Sicherungshaft: Große Mehrheit der Österreicher dafür

Umfrage

Sicherungshaft: Große Mehrheit der Österreicher dafür

Neue Umfrage: 69 Prozent dafür, 22 Prozent dagegen.

Die heftig diskutierte Sicherungshaft für potenziell gefährliche, aber noch nicht straffällig gewordene Personen findet in der Bevölkerung offenbar große Zustimmung. Ganze 69 Prozent der Österreicher halten die Präventivhaft für grundsätzlich überlegenswert, wie aus einer Umfrage des Meinungsforschungsinstituts Unique research für das Nachrichtenmagazin "profil" hervorgeht.

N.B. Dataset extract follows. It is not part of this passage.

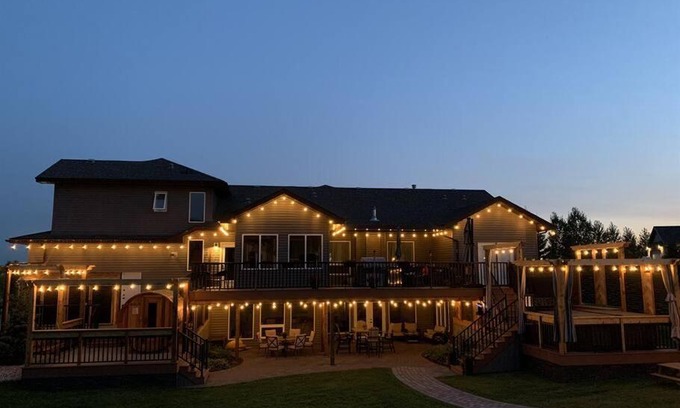 Sherwood Park House | Dragonfly Inn Loft & Walkout Suites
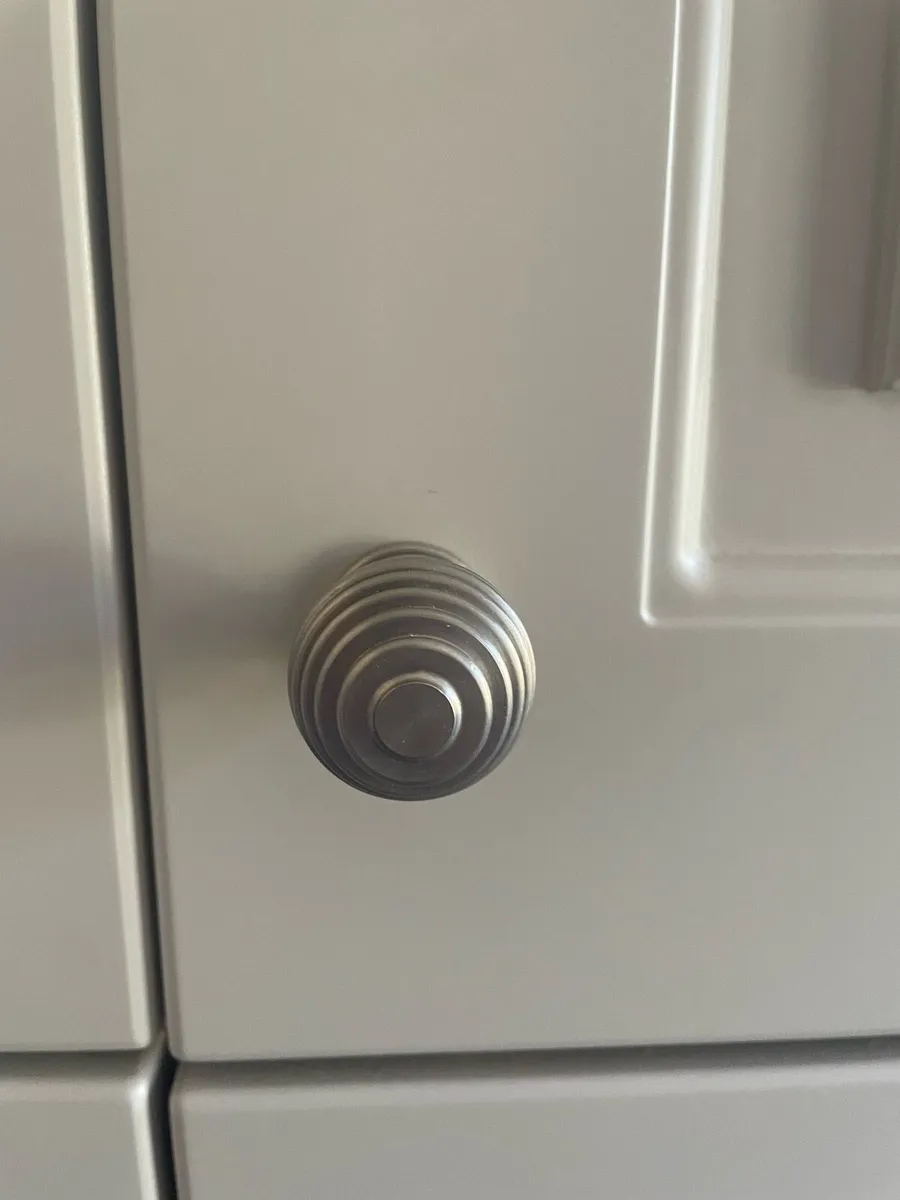 Kitchen door handles - Image 1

38 Prozent halten die Sicherungshaft für "absolut" überlegenswert, 31 Prozent für "eher" überlegenswert. Nur 22 Prozent der Befragten halten nichts von einer solchen Maßnahme, neun Prozent hatten dazu keine Meinung.
 
Besonders starke Zustimmung findet der Vorschlag bei Anhängern der Regierungsparteien: 86 Prozent der FPÖ-Wähler und 90 Prozent der ÖVP-Wähler können sich die Einführung einer Sicherungshaft vorstellen. Laut der Umfrage begrüßt auch die Mehrheit der SPÖ-Wähler den Vorschlag: Während 34 Prozent eine solche Maßnahme ablehnen, halten 56 Prozent die Einführung einer Sicherungshaft für überlegenswert ("ja, absolut": 20 Prozent, "eher ja": 36 Prozent). Befragt wurden 500 Personen, die Schwankungsbreite liegt bei +/- 3,5 Prozent.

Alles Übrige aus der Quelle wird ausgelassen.